In asking this Court to hold that the notice of deficiency is arbitrary, petitioner is asking us to explore the underpinnings of that notice. As a general rule, we will not look behind the statutory notice to examine the evidence used in making the determination. Petzoldt v. Commissioner, 92 T.C. 661, 688 (1989); Llorente v. Commissioner, 74 T.C. 260, 264 (1980), affd. in part, revd. in part and remanded 649 F.2d 152 (2d Cir. 1981); Greenberg's Express, Inc. v. Commissioner, 62 T.C. 324, 327 (1974). Courts have identified an exception to the general rule where the Commissioner, in a case involving unreported income, introduces no direct evidence but rests on the presumption of correctness and the taxpayer challenges the deficiency on the grounds that it is arbitrary. 4Portillo v. Commissioner, 932 F.2d 1128, 1133 (5th Cir. 1991), affg. in part, revg. in part and remanding T.C. Memo. 1990-68; Schad v. Commissioner, 87 T.C. 609, 618 (1986), affd. without published opinion 827 F.2d 774 (11th Cir. 1987);Llorente v. Commissioner, supra at 264; see also Senter v. Commissioner, T.C. Memo. 1995-311.

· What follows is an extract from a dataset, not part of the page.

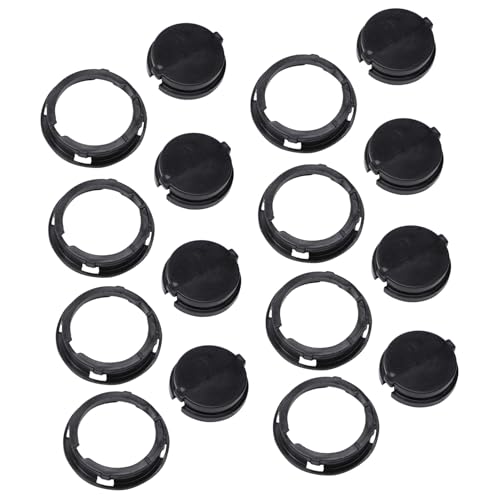 NUOBESTY 50Pcs Durable Plastic Piggy Bank Bottom Plugs Smooth Lightweight Stoppers for Dolls Reusable Savings Box Covers Black Convenient Installation and Cleaning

Petitioner relies on Portillo as support for his position that the notice of deficiency in the instant case is arbitrary and therefore not entitled to the normal presumption of correctness. The Court of Appeals for the Fifth Circuit, however, has recently distinguished Portillo in Parker v. Commissioner, 117 F.3d 785 (5th Cir. 1997). As in the instant case, the taxpayers in Parker failed to file income tax returns for the years in issue, yet relied upon Portillo for the proposition that the usual presumption of correctness should not apply because the Commissioner's determinations of unreported income were based upon Forms 1099 and W-2. The Court of Appeals for the Fifth Circuit stated:
In Portillo, the IRS issued a notice of deficiency when it discovered that the taxpayer had reported substantially less income from a particular payor than that payor had reported in its Form 1099. We found that the Commissioner "arbitrarily decided to attribute veracity to the third-party payor and assume that the taxpayer's Form 1040 was false." Portillo v. Commissioner, 932 F.2d at 1134. In Portillo, the Commissioner's determination was arbitrary because the Commissioner offered no factual basis for accepting one sworn statement, the Form 1099, while rejecting another sworn statement, the taxpayer's Form 1040.

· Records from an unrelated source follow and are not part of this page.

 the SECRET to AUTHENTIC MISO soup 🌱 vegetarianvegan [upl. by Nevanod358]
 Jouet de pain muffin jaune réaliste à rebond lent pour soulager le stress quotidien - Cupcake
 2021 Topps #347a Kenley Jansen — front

Portillo did not hold that the IRS must conduct an independent investigation in all tax deficiency cases. In this case, the Commissioner has not ARBITRARILY found the third-party forms credible: the Parkers never filed a Form 1040 or any other document in which they swore that they did not receive the payments in question. The Commissioner has no duty to investigate a third-party payment report that is not disputed by the taxpayer.
Parker v. Commissioner, supra at 786-787. 5
Like the taxpayers in Parker, petitioner in the instant case never filed a Form 1040 or any other document in which he swore that he did not receive unreported income. We find it significant that nowhere in petitioner's petition, trial memorandum, brief, or reply brief does he state any facts tending to indicate that he did not receive unreported income. 6 Petitioner's sole strategy in the instant case has been to obfuscate rather than enlighten.

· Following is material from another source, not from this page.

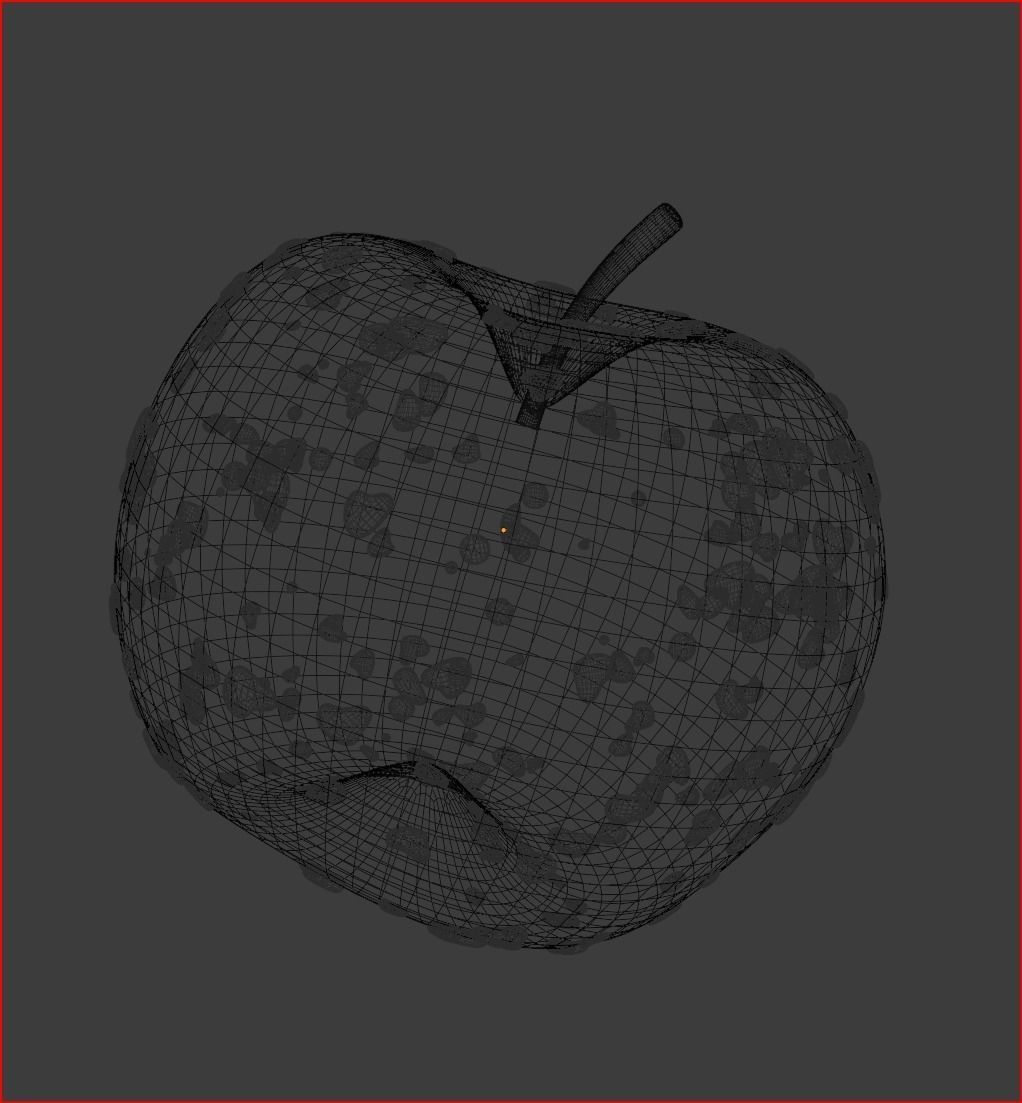 apple bowl 3D model_3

Moreover, respondent has at least established in the instant case a minimal predicate for the determination. The evidence stipulated by the parties indicates that petitioner received wages, rents, and nonemployee compensation from several payors and that he made interest payments on a home mortgage. Additionally, the use of data compiled by the Bureau of Labor Statistics is an acceptable and reasonable method of income reconstruction. Pollard v. Commissioner, 786 F.2d 1063, 1066 (11th Cir. 1986), affg. T.C. Memo. 1984-536; Burgo v. Commissioner, 69 T.C. 729, 749 (1978); Cupp v. Commissioner, 65 T.C. 68 (1975), affd. without published opinion 559 F.2d 1207 (3d Cir. 1977); Giddio v. Commissioner, 54 T.C. 1530, 1532 (1970). It was not arbitrary for respondent to determine that petitioner had income in an amount at least equal to the normal cost of supporting his family. 7"All that is required to support the presumption is that the Commissioner's determination have some minimal factual predicate." Pittman v. Commissioner, 100 F.3d at 1317.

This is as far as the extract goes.